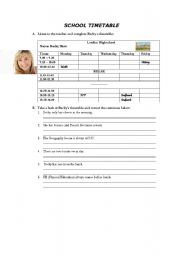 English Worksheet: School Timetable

━━━━━━━━━━━━━━━━

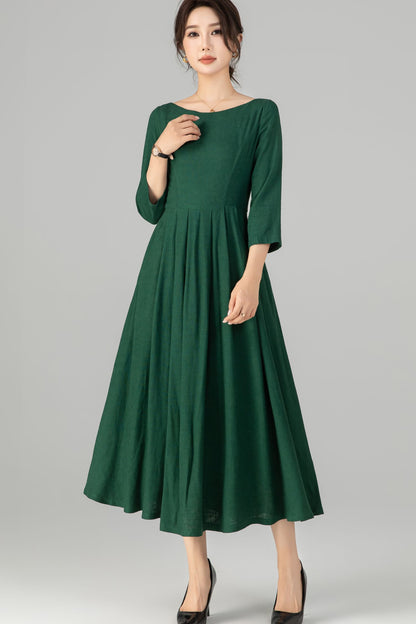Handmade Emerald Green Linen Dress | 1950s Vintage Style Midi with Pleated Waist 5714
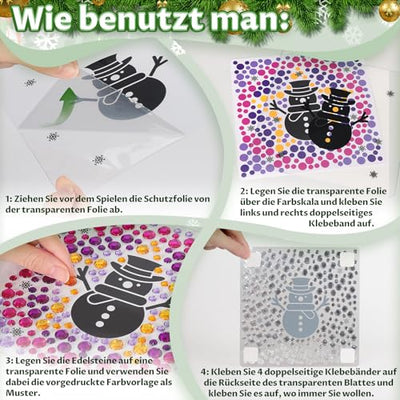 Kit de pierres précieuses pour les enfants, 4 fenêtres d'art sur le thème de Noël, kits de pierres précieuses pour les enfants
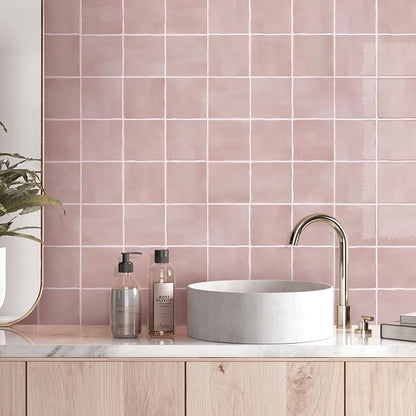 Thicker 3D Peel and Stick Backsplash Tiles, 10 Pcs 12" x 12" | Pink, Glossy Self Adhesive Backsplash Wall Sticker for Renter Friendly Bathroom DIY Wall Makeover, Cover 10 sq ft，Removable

━━━━━━━━━━━━━━━━

Problem statement:
Your output should be the lines above from the one that contains "Handmade Emerald Green" through the one that contains "Thicker 3D Peel", word for word, with pictures left out.

Task output:
Handmade Emerald Green Linen Dress | 1950s Vintage Style Midi with Pleated Waist 5714
 Kit de pierres précieuses pour les enfants, 4 fenêtres d'art sur le thème de Noël, kits de pierres précieuses pour les enfants
 Thicker 3D Peel and Stick Backsplash Tiles, 10 Pcs 12" x 12" | Pink, Glossy Self Adhesive Backsplash Wall Sticker for Renter Friendly Bathroom DIY Wall Makeover, Cover 10 sq ft，Removable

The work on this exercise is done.